Omit the pictures. Transcribe exactly the lines below, from the one with "Square gift wrapped" up to and including the last.

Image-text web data
^^^^^^^^

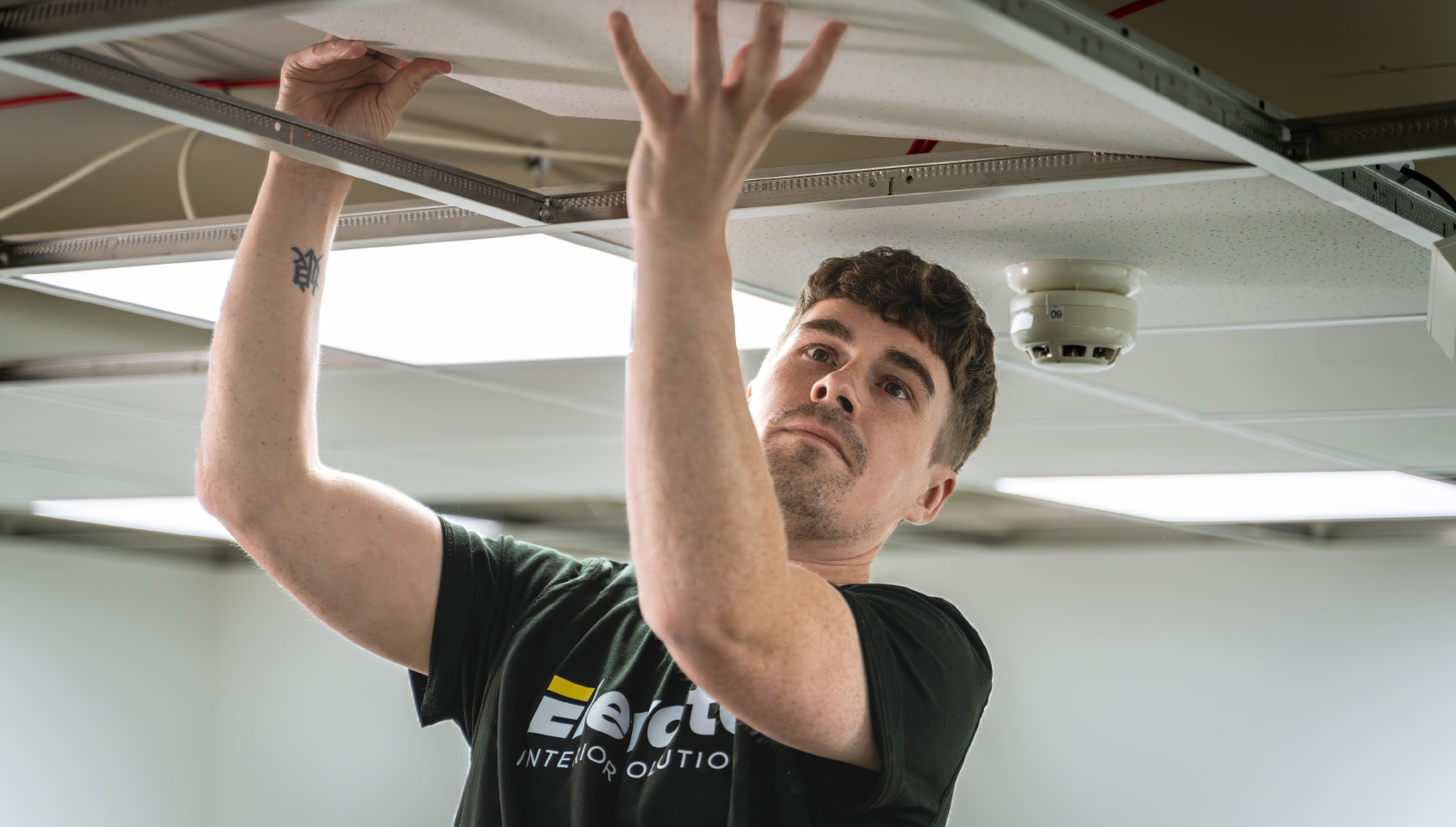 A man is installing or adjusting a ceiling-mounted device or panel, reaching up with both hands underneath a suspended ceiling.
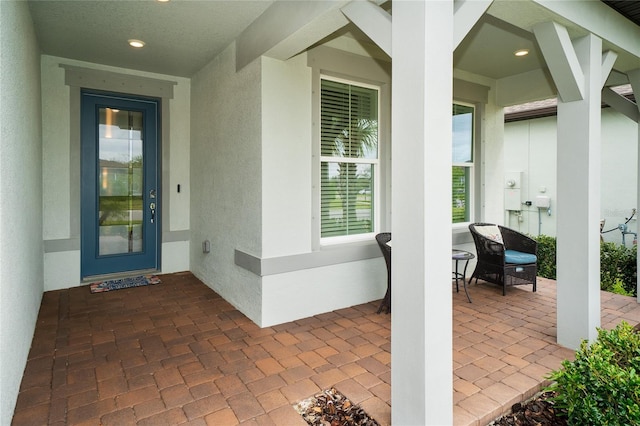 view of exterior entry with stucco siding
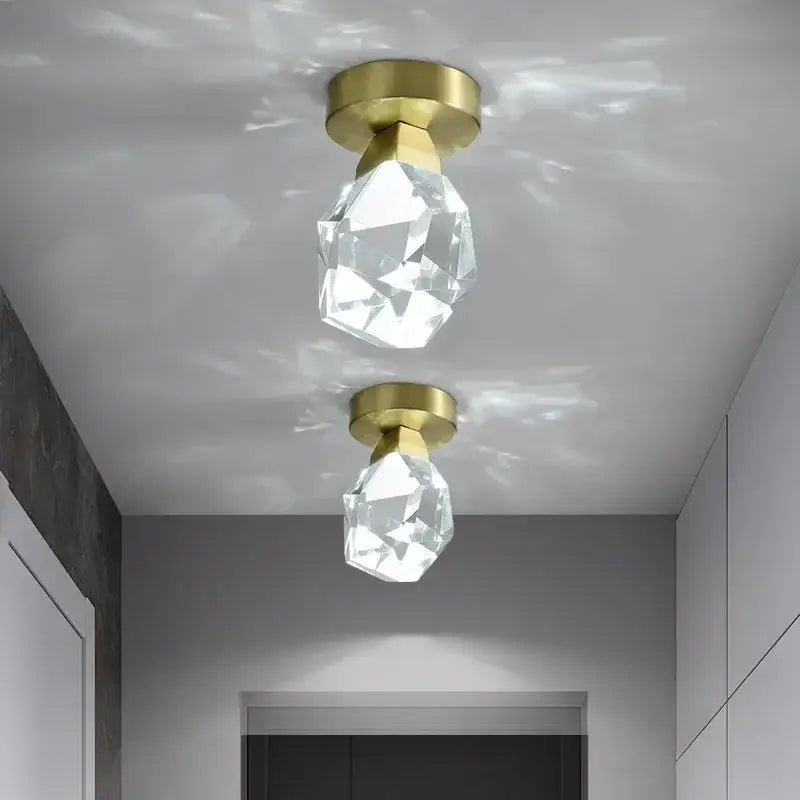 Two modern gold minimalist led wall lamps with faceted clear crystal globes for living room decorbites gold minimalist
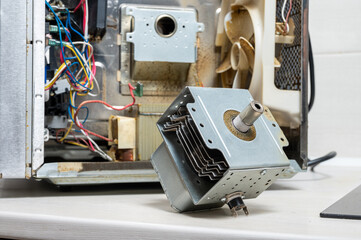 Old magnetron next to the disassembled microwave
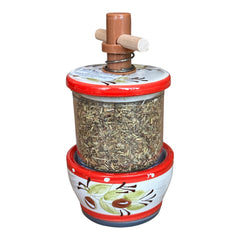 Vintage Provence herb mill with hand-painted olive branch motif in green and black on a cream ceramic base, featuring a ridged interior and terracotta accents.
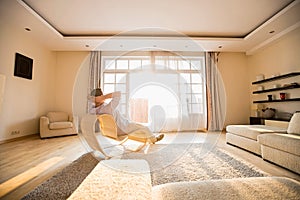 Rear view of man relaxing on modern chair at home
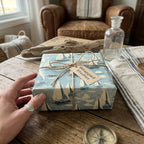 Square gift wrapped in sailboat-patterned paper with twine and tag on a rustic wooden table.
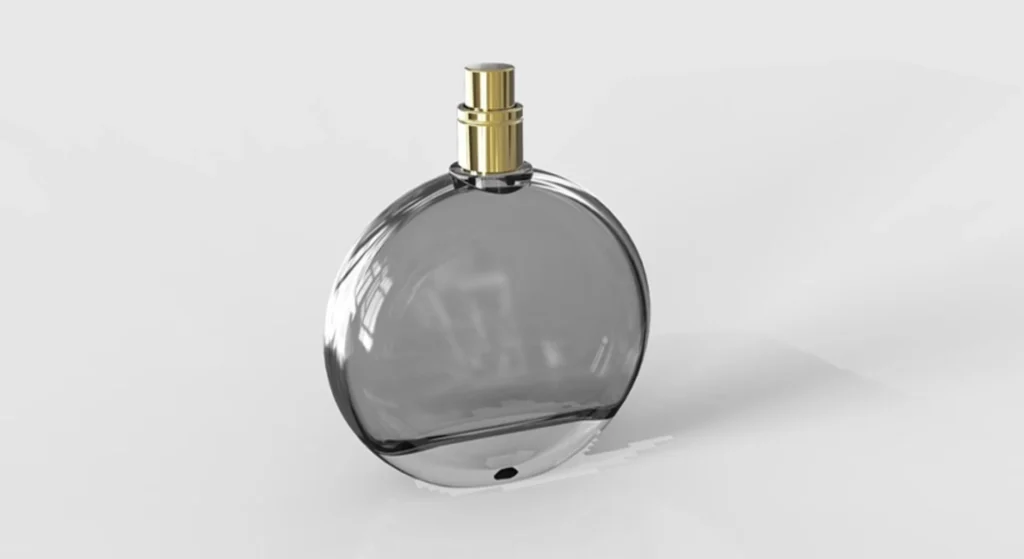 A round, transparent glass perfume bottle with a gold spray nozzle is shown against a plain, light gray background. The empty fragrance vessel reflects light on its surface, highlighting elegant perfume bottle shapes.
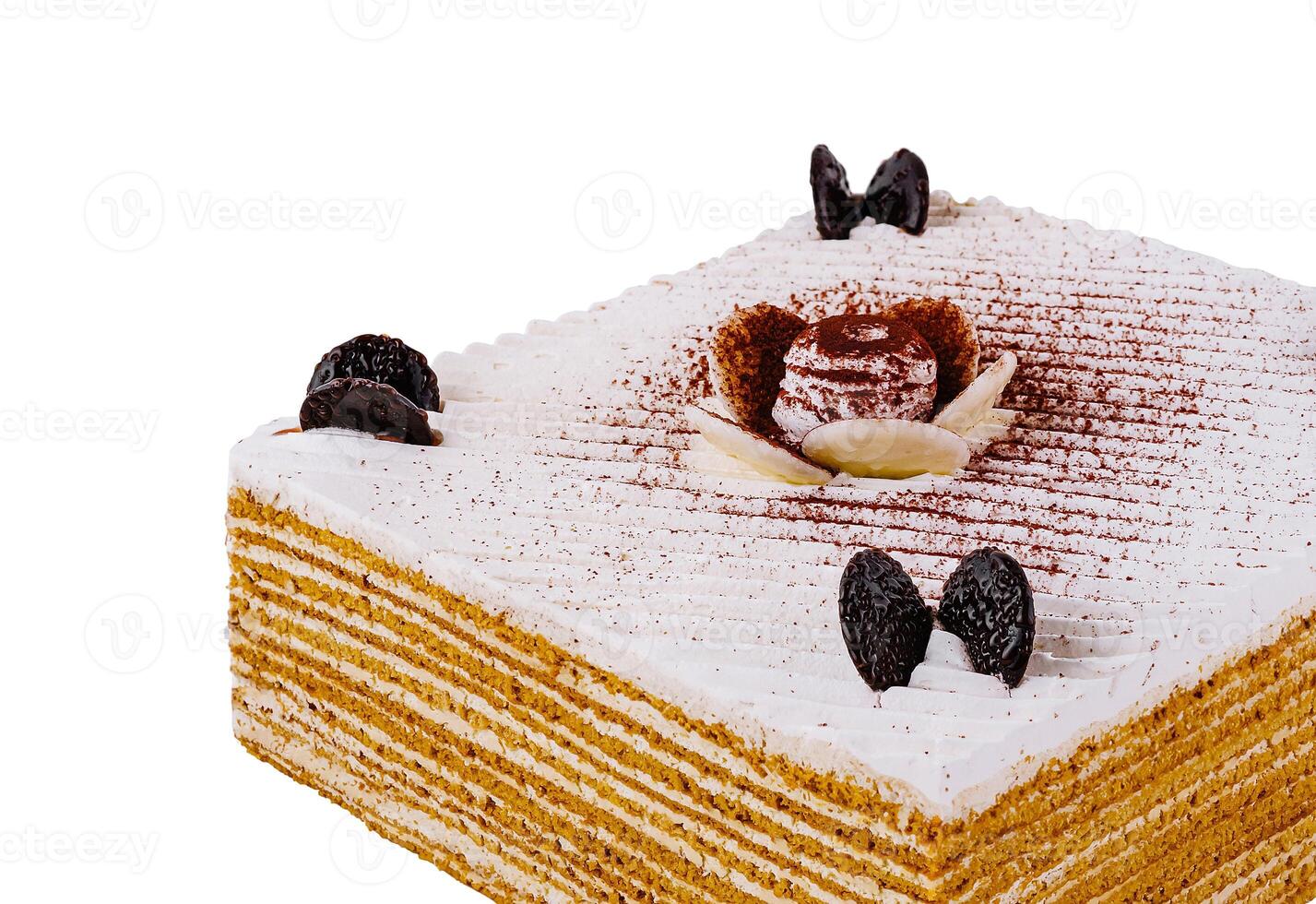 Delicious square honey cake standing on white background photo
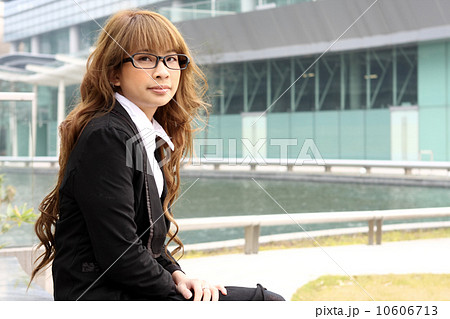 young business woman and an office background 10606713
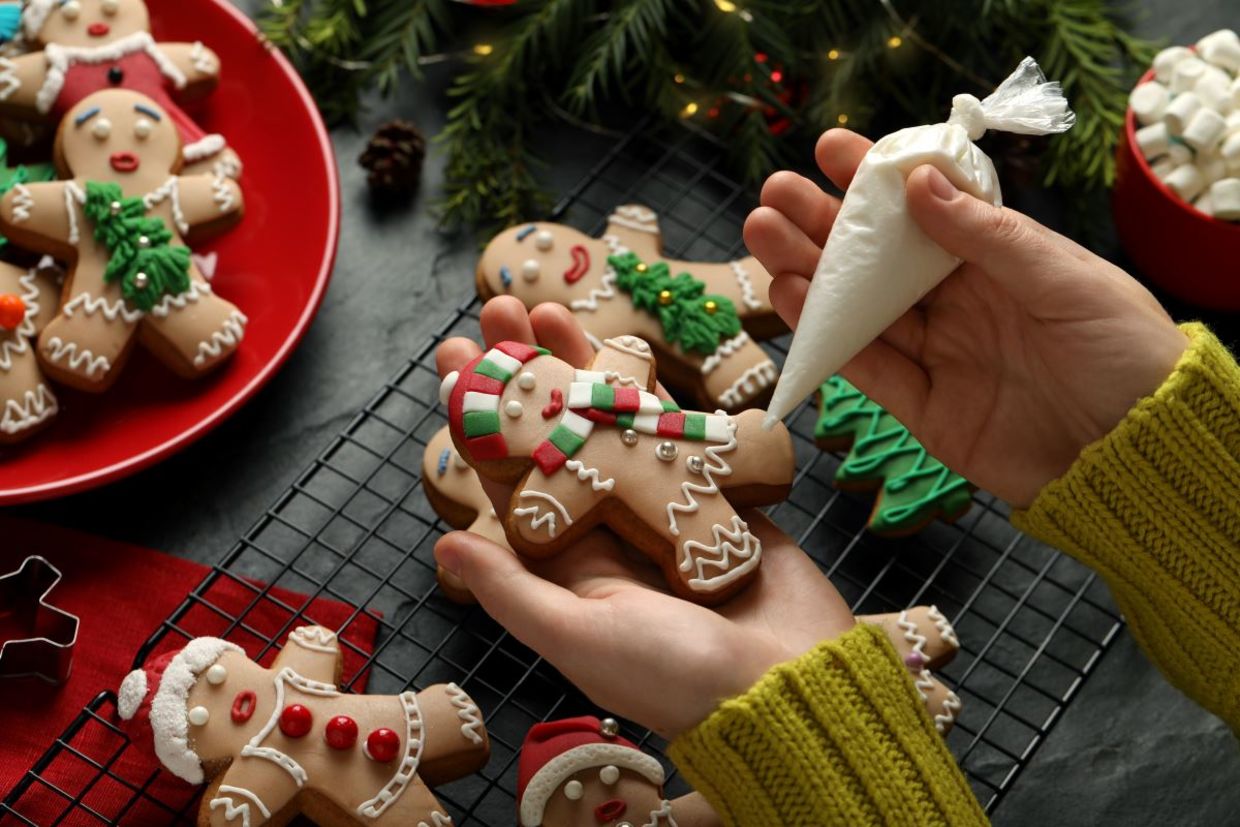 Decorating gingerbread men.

^^^^^^^^

**Exercise solution:**
 Square gift wrapped in sailboat-patterned paper with twine and tag on a rustic wooden table.
 A round, transparent glass perfume bottle with a gold spray nozzle is shown against a plain, light gray background. The empty fragrance vessel reflects light on its surface, highlighting elegant perfume bottle shapes.
 Delicious square honey cake standing on white background photo
 young business woman and an office background 10606713
 Decorating gingerbread men.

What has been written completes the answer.